Summertime Berries is fruit picking time in the Pacific northwest. Fresh juicy ripe edible berries! Yum, yum, yum! We recently enjoyed a big pan of blackberry cobbler from these ripe berries we picked. And you can too. Foraging for wild edible berries is great fun. A rewarding outdoor activity for friends and family. Listed in this post are many of the most common and delicious edible berries to forage for.
Summertime Berries of the Northwest
Blackberries are a good berry to start with. Identifying Himalayan Blackberries is easy with a little research. And picking is straightforward and simple. And the best part, beside eating the delicious berries. Is you don't need much gear to do it.
Here is my recommended summertime berry picking gear list.
- 1-gallon bucket with a handle for each berry picker
- wide brim sun hat.

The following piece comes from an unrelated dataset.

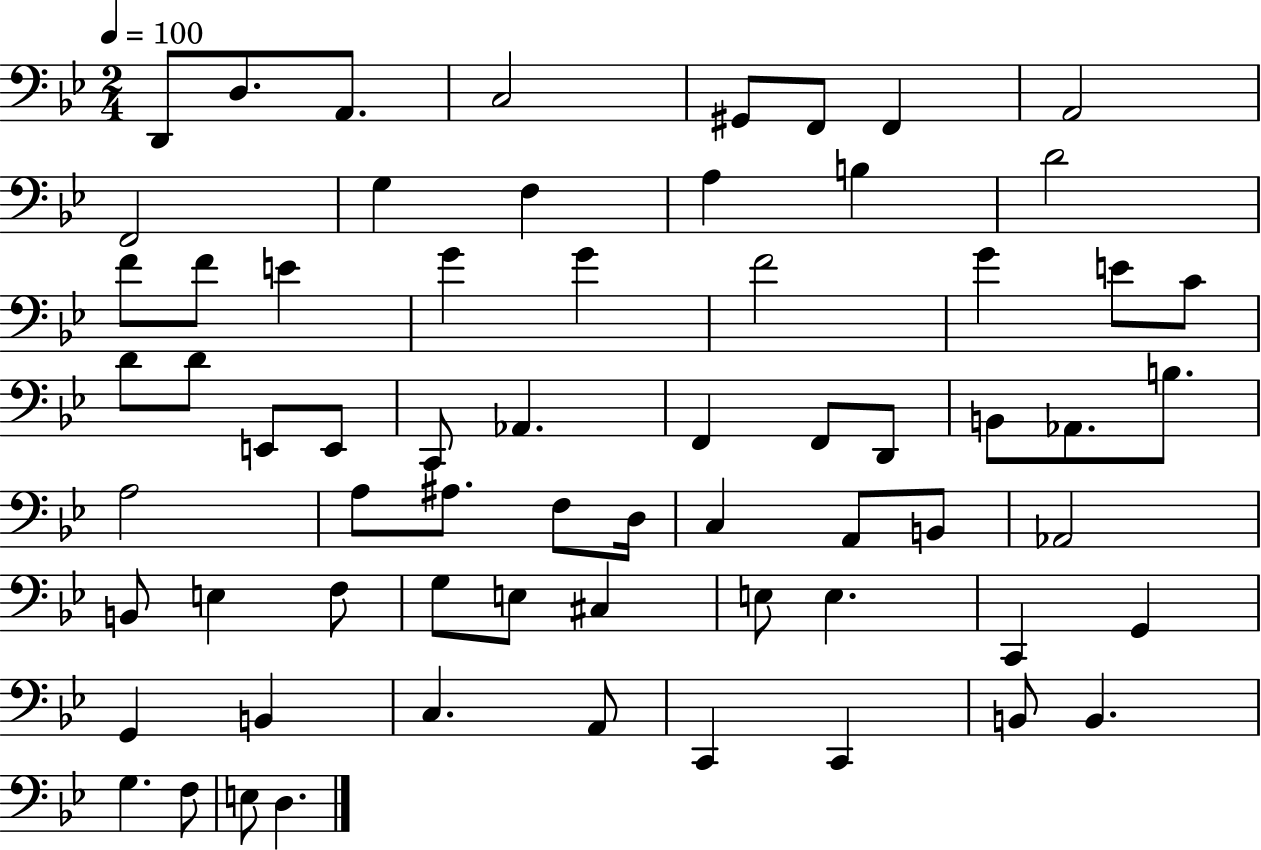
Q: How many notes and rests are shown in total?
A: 66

To keep the head, ears, and back of neck from getting sunburned
- long sleeved shirts. To keep the arms and upper body from getting scratched by thorns
- pants or trousers that cover down to the ankle. To keep the legs from getting scratched from the thorny berry vines
- sturdy shoes
- garden snips are helpful for snipping the large vines of the blackberry plants
- a hooked staff or walking stick for pulling vines withing reach and pushing vines out of your way.
Eating the freshly picked Blackberry
One of our favorite things to do with our fresh picked blackberries. Is to make homemade Blackberry cobbler. And no fooling, it's delicious! How do we best describe hot Blackberry Cobbler right from the oven? Wow! Add a scoop or two of vanilla ice cream on top. And you have a double wow!! Delicious!
How about adding some ripe and luscious wild blackberries to your Sourdough pancakes? We do, and it's a hit with the whole family.
Berries from the Elder shrub are edible but must be cooked first before eating. Here are some tips on the best way to pick elderberries and prepare them for use. We make a delicious syrup every fall from the ripe elderberries both sweet and savory.
The native Evergreen Huckleberry produces a much smaller berry than does the blackberry plant. Ripening middle to late August. Huckleberries are an important food for Black Bears in Oregon. Bears eat and depend on all berries for food. But especially the Evergreen Huckleberry to put on fat for winter.
Huckleberries can be eaten fresh, added to pancakes, smoothies, or eaten right off the shrub. Traditionally, these smaller fruit were crushed flat and dried for later use.
Thimbleberries begin to bloom in late April on the Oregon coast. Reddish in color and have the shape of an upside-down tiny bowl when still on the shrub. Thimbleberry is delicious and one of my favorite berries to eat as a trail snack.
The Salal, another northwest berry, is ripening fast. It is incredibly high in flavonoids. The Salal, historically, was used for strengthening capillaries-mucus membrane fragility. If you are susceptible to nose bleeds, eating these robust berries can be helpful. A terrific survival food, and when dried. The Salal berries can be stored to eat during the winter months.
Berries and Bears
If you're collecting berries in Grizzly Bear country - Wyoming, Montana, Idaho, Alaska, etc., be aware and be careful!
Make lots of noise when picking those rich and luscious wild fruit. One exceptionally large neighbor, the bear, is putting on fat for his long winter nap, and can be extremely focused and grumpy when eating. He may not notice you have sidled up next to him with your berry basket.
Berry Pickin Bears
If you happen to run into a Bear while out picking wild edible berries, and he takes your basket from you. My advice is to not argue.
In addition, bears don’t appreciate any negative comments regarding their delicate odor. I recommend to just tip your hat politely, and slowly, carefully back away from the bear, refrain from any rude gesturing and find another berry patch…far, far, away.
Berries and the Blackberry Boogie
A great song to warm up too before picking blackberries. Blackberry Boogie by Tennessee Ernie Ford
What else is there to say about berries, but, Happy picking!